We Need A Better Pertussis Vaccine
The Chinese call it the hundred day cough. In Spanish it is tosferina or “Bark of the Dog.” Pertussis, a.k.a. whooping cough, is a disease that many thought to be a thing of the past, but has been making a comeback for several decades now. Unfortunately, for many infants that comeback has been deadly.
In 2010, California experienced the worst epidemic of pertussis in 60 years with 9,000 cases, over 800 hospitalizations, and 10 deaths in infants under 6 months old. This year, the United States has had the most pertussis cases in 50 years and already 9 infants have died.
Is pertussis really making a comeback? Epidemiologists caution that we just may be better at detecting and testing for pertussis, but the fact remains that of all the diseases for which we routinely vaccinate pertussis is the least well controlled. The U.S. recommended vaccine schedule now calls for 5 vaccine doses (DTaP) by the time a child is 5 with a sixth dose (Tdap) at 11 years old as a booster. Even after six doses the disease is still prevalent, infecting children, and killing infants across the United States.
One main reason for this is that studies are showing that immunity from the current accellular pertussis vaccine wanes in as little as three years. Many people who get pertussis have been vaccinated. In order to control the disease we need a vaccine that will last longer than the normal five year cycle that pertussis tends to follow. This will allow us to reach a herd immunity threshold that will prevent the continuous spread of the disease.
This is not to say we should stop vaccinating with the current vaccine as some in the anti-vaccine movement suggest. Not vaccinating for pertussis with such a high prevalence of disease is extremely risky. 2011 was the first year in 20 years that California did not have a death from pertussis. This means our vaccine efforts have achieved something important. The current vaccine is the best tool we have to prevent the disease. The current vaccine does provide protection but it doesn’t provide long enough protection to achieve herd immunity and put the disease in the box.
For this reason we need a better vaccine. It is time for the government and the private sector to begin research on a more durable pertussis vaccine. No one is suggesting it will be easy, because Bordetella pertussis is a tricky organism. It is one of the most infectious diseases in the world with a high attack rate. The immunity one gets from being infected by pertussis naturally wears off. However, vaccine technology has come a long way and we need to leverage those technological gains and find a way to get this disease under control.
Several experts with whom I have spoken suggest going back to a whole cell vaccine, which is the vaccine we used in the U.S. before, for safety reasons, we switched to an accellular version. The whole cell vaccine conferred longer immunity than the current vaccine but had more side effects. Experts theorize that the side effects from that vaccine can be reduced by removing the reactogenic components (lipopolysacharides or endotoxins) which lead some children to have high fevers and seizures after receiving it. Another possible solution is to change the antigen formulation of the current accellular vaccine to gain longer immunity and more efficacy. Either of these avenues deserves research.

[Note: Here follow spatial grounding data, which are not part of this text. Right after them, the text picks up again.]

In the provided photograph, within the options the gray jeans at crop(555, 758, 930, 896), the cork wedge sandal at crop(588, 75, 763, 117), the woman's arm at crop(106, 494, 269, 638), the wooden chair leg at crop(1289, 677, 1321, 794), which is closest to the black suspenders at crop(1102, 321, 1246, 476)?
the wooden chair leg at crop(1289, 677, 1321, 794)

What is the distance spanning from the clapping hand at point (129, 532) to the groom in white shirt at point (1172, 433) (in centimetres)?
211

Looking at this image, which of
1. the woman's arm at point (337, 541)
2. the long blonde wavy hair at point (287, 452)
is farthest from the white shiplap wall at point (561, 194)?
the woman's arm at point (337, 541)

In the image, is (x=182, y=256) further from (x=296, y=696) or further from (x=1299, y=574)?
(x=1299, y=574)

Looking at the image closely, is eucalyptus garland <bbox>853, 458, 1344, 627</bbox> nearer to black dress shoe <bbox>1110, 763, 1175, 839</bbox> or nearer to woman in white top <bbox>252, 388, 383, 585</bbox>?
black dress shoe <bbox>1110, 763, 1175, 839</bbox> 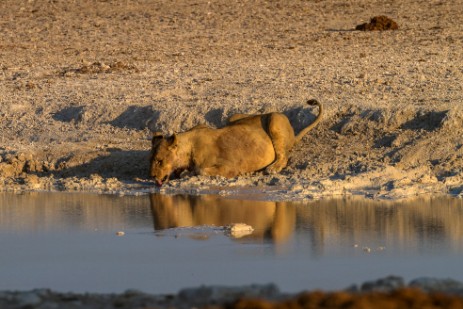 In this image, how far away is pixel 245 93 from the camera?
15.4 metres

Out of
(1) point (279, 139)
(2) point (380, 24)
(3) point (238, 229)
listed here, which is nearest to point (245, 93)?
(1) point (279, 139)

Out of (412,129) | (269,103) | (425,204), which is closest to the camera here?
(425,204)

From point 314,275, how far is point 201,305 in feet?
5.66

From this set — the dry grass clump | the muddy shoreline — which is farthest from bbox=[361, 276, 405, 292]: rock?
the dry grass clump

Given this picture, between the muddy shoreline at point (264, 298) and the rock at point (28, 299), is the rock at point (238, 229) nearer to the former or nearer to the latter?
the muddy shoreline at point (264, 298)

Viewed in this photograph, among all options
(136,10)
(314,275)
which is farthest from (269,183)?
(136,10)

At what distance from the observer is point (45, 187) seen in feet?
41.8

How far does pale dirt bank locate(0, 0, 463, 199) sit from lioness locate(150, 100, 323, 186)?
0.64 ft

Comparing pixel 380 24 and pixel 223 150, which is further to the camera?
pixel 380 24

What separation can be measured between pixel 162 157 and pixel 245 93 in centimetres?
312

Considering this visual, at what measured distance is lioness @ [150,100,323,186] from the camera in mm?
12609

Unfortunately, there seems to be little incentives for pharmaceutical companies to pursue a better pertussis vaccine. The costs of clinical trials under the current FDA structure make pursuing such a vaccine unprofitable. This is an example of market system failure. In this case, the government or another entity like the Gates Foundation needs to step in and work with manufacturers in the name of the public good. This is how the polio vaccine was developed. The time for a better pertussis vaccine is now. This is a major public health issue. Millions of dollars in health care costs are at stake, as are the health and lives of infants.